La ascensión al poder de Margaret Thatcher en 1979 y la era Reagan de los ’80 fueron el inicio oficial de este liberalismo, ensayado en su momento con sangre en Chile, que considera que el estado debe de ir abandonando paulatinamente el intervencionismo en el terreno relacionado con las políticas sociales: seguro privado en lugar de sanidad pública, educación privada (y concertada) en lugar de pública, bajada paulatina del poder adquisitivo de los trabajadores para favorecer el incremento del beneficio empresarial, precarización endémica del mercado laboral unidas a campañas de desprestigio permanente contra las clases subalternas, etc.
En el caso español, el establecimiento del estado del bienestar fue tardío, nacido tras los Pactos de la Moncloa en los años de transacción democrática, se fue consolidado en los ’80, especialmente tras la integración europea de 1986, sin embargo, tampoco se le puede considerar como el más avanzado de Europa y, desde hace años, tanto con gobiernos socialistas como con populares, ha sido paulatinamente recortado en nombre de las políticas económicas neoliberales.
La mediocridad como seña de clase
No sé si lo tendrán fácil o no los historiadores e historiadoras del futuro, pero cuando analicen las mentalidades existentes en nuestros días, de manera indudable mostrarán el éxito de una conciencia como la de la «clase media».
En el siglo XIX, en plena expansión de los estados liberales y las transformaciones derivadas de la industrialización, un trabajador o campesino sabía y se sentía parte de una misma clase, mientras que frente a ellos estaba la llamada «clase media», que no era otra cosa que la burguesía, que entonces estaba en brega con gran parte de la «aristocracia» y otras clases altas que se privilegiaban y defendían los sistemas de Antiguo Régimen.
Sin embargo, el auge y seguimiento de ideales nacionalistas en las clases trabajadoras, especialmente visible a partir de los sucesos de la Gran Guerra de 1914 a 1918, o por la misma vía hacia la lógica de los estados-nación por parte de los revolucionarios rusos de 1917 en adelante, entre un largo etcétera de factores, como la proliferación de los medios de comunicación como la radio o la televisión, la popularización de un consumo de masas en occidente o la huella de una educación liberal, explicarían el porqué la conciencia obrera está de capa caída en nuestros días.
En nuestro presente predomina la mediocridad, en el sentido estricto de la palabra.

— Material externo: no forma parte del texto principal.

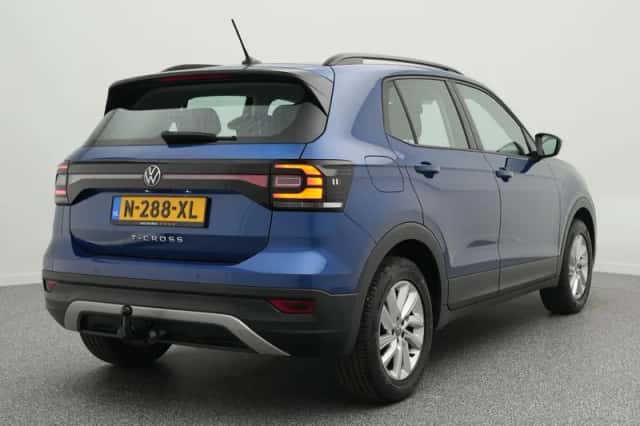 Volkswagen T-Cross (2022) thumbnail 2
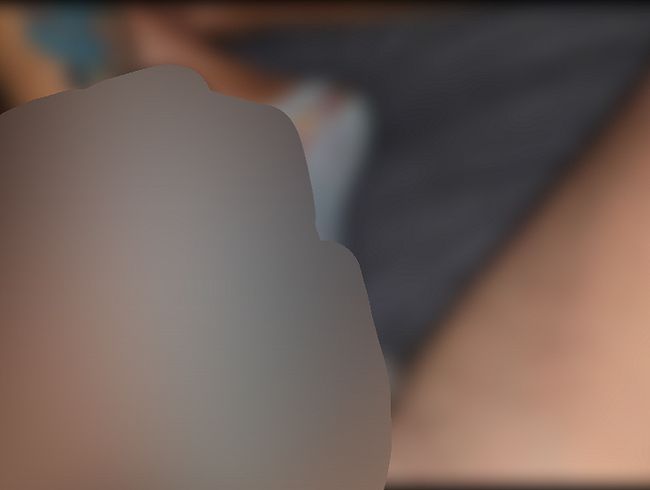 Download: AnnaFire - Stiefmutter mit langen Nägeln gibt einen Handjob mit Socke
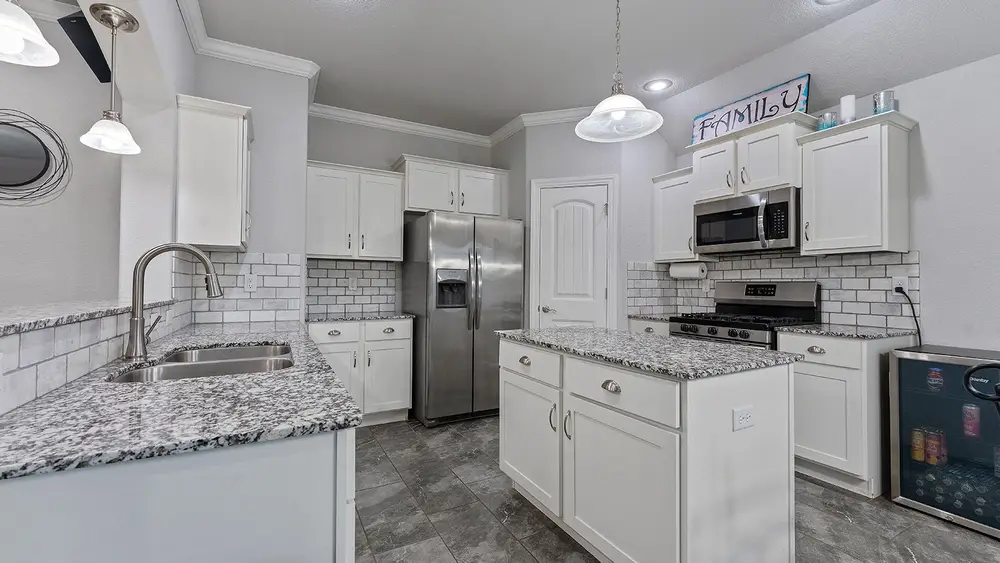 Photo of 1201 Rosemary St, Centerton, AR 72719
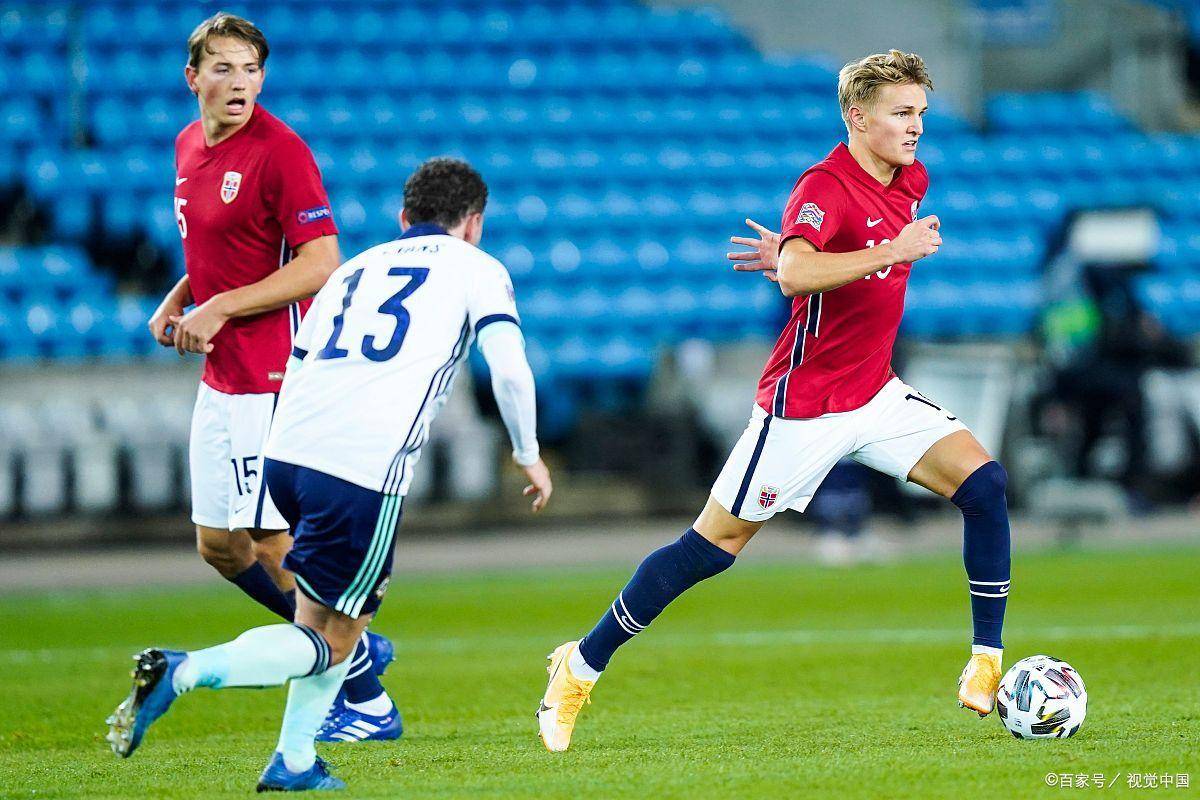 开云体育官网入口-牙买加前锋在欧洲联赛中迅猛冲击对手的简单介绍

Ser clase media es la meta que todo mortal quiere alcanzar o, cuanto menos, permanecer. Muchos se avergüenzan de su condición, mucho obrero u obrera, con ingresos insuficientes y penalidades de todo tipo, prefiere decirse que forma parte de la clase media-baja, que decir simple y llanamente que es una persona de clase trabajadora. Hemos llegado a la situación que se siente vergüenza por no ser un «triunfador», es decir, parte de la «clase media».
Parece ser que sentirse parte de una clase explotada, desde que se nace hasta que se muere, y asumir que existen otras antagónicas, para muchos es salirse de la normalidad, de la mediocridad ciudadana, y por lo tanto, puerta de entrada en el mundo de la locura. Y de este razonamiento primario, se entiende que personas desheredaras de la sociedad afirmen que los parados lo son por vagos, que los ejemplos a seguir sean personas como Steve Jobs o Elon Munk o que las metas en la vida sean poder comprar determinados objetos o propiedades, como ese coche pagado a plazos durante una década, o esa hipoteca que heredarán tus hijos en nombre del espejismo de la clase media.
Posiblemente esté loco por tener conciencia de clase, no lo pongo en duda, sí, más aún en pleno siglo XXI. Pero curiosamente, en todas las personas que he conocido que encajarían de verdad con la clase media «histórica», la burguesía de antaño, he evidenciado como su conciencia nunca ha muerto y actúan en consecuencia a ella: no olvidan que tu y yo somos clase trabajadora.